ECB agrees to help Cypriot banking system to face problems

by  KG/XINHUA

The European Central Bank (ECB) has agreed on measures to help the troubled Cypriot banking system to throw off shackles which prevent it to operate normally, according to a government statement issued here on Wednesday.

Cypriot President Nicos Anastasiades traveled to Frankfurt to meet ECB President Mario Draghi ahead of a meeting of European Union (EU) leaders in Brussels, to set out problems Cypriot banks are faced with.

The statement said they agreed on unspecified measures by the ECB to help the Cypriot banks.

"They discussed ways to provide further support, with the ECB assuming a decisive role ... and agreed to continue their dialogue on implementing everything that was agreed in the meeting," said the government statement.

No details of what has been agreed upon were made available.

Anastasiades refused to talk about his requests to Draghi ahead of their meeting, saying public statements would not be helpful.

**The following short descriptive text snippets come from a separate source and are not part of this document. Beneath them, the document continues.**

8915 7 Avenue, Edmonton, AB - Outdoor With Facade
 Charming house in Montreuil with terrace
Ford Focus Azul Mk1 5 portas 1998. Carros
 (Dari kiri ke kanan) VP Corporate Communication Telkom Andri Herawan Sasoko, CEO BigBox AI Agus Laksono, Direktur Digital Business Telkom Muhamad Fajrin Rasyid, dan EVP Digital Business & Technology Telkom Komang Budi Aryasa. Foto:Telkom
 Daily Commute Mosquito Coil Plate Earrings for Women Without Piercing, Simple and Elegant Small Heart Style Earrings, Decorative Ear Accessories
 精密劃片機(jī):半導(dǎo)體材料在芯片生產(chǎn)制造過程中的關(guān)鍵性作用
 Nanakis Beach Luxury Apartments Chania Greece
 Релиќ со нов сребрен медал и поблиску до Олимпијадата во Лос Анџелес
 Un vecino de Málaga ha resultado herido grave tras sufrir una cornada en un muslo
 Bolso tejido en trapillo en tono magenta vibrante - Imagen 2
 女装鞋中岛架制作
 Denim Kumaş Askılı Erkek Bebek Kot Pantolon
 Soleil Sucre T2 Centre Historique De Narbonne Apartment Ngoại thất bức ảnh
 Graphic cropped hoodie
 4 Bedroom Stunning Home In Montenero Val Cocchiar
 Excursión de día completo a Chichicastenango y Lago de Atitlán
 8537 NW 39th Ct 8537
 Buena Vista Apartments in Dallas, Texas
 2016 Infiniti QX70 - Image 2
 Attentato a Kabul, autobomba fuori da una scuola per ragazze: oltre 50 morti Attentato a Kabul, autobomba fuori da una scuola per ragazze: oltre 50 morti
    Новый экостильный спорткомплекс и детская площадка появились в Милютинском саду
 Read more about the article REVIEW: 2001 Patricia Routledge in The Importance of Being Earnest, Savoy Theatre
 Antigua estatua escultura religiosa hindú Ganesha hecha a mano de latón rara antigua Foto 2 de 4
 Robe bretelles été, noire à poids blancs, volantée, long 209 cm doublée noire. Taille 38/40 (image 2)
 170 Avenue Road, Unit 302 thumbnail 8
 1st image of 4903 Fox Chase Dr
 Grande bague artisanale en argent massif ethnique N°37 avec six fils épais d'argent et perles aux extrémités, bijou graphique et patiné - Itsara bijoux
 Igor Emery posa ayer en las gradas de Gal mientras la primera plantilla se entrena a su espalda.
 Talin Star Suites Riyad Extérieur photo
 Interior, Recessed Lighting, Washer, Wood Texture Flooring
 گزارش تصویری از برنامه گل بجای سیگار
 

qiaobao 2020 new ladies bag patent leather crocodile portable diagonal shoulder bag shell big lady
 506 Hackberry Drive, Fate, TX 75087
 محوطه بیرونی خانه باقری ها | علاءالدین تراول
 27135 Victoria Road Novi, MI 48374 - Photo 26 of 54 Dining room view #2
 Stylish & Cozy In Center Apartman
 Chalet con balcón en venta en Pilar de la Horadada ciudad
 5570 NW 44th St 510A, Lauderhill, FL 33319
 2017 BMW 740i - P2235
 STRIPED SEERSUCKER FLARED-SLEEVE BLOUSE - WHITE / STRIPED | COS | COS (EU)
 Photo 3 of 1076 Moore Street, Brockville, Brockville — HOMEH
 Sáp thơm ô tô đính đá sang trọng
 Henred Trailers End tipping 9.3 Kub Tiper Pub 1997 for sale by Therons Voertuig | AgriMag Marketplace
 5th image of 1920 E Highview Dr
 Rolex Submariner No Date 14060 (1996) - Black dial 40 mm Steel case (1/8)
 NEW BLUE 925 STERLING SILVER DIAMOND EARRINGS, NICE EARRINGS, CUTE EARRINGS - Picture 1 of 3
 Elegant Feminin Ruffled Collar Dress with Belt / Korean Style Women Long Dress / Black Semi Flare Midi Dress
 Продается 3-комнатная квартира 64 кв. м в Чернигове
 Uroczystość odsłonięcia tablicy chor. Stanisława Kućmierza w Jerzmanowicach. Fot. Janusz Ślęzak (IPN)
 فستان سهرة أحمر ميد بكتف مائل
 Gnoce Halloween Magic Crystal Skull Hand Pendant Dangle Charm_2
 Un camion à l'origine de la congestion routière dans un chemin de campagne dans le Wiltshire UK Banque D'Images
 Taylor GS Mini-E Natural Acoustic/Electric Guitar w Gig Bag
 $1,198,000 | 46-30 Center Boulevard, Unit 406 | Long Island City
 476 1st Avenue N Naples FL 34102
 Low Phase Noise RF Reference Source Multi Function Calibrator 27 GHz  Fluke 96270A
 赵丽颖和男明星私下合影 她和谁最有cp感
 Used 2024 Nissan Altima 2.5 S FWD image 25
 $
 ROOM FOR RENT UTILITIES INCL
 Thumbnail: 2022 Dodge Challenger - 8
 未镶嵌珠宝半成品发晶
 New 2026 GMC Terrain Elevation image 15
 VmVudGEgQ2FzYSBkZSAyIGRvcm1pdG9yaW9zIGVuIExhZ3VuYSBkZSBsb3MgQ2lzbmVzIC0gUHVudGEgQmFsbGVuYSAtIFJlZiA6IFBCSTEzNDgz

But informed sources said that his main request to Draghi was to partly convert into a medium-term bond part of a heavy bank debt incurred out of receiving emergency liquidity assistance (ELA) from the ECB prior to last year's shake up of the Cypriot banking system.

The ECB pumped 9.1 billion euros (12.4 billion U.S. dollars) into a faltering bank during a 12-month period that preceded a messy bailout of Cyprus by the Eurogroup and the International Monetary Fund in March, 2013.

The ELA debt amounted to almost two thirds of Cyprus's GDP.

International lenders offered Cyprus 10 billion euros in bailout assistance over a three-year period but forced the eastern Mediterranean island to accept an unprecedented bail-in, the recapitalization of Bank of Cyprus, the island's main lender, by converting 47 percent of large deposits into bank stock.

Bank of Cyprus, which had suffered heavy losses on account of its exposure to the Greek debt impaired by about 75 percent in 2012, was also forced to take on the assets and liabilities of the failed bank which was ultimately wound down by Cyprus's creditors.

The statement said Draghi acknowledged the significant progress made in the implementation of Cyprus's adjustment program since the bailout was agreed upon and expressed his readiness to assist the Cypriot authorities in their effort to tackle remaining problems.

Most prominent among these is securing bank liquidity to fund a recession-hit economy.

Banks are shackled by a high proportion of non-performing loans which have reached 27.1 billion euros, or 45 percent of the total loan portfolios of the banks. They are also withholding new loans as they are expected to go through an EU-wide stress test in the few coming months.

Technocrats of the Troika, the collective name the European Commission, the ECB and the IMF are known by, who are conducting their fifth survey of the Cypriot adjustment program, told lawmakers on Wednesday that they consider non-performing loans to be the biggest problem the Cypriot economy is faced with at the time.

They were also reported as saying that they would not recommend releasing the next loan tranche unless parliament passed legislation empowering banks to speedily repossess properties securing non-performing loans.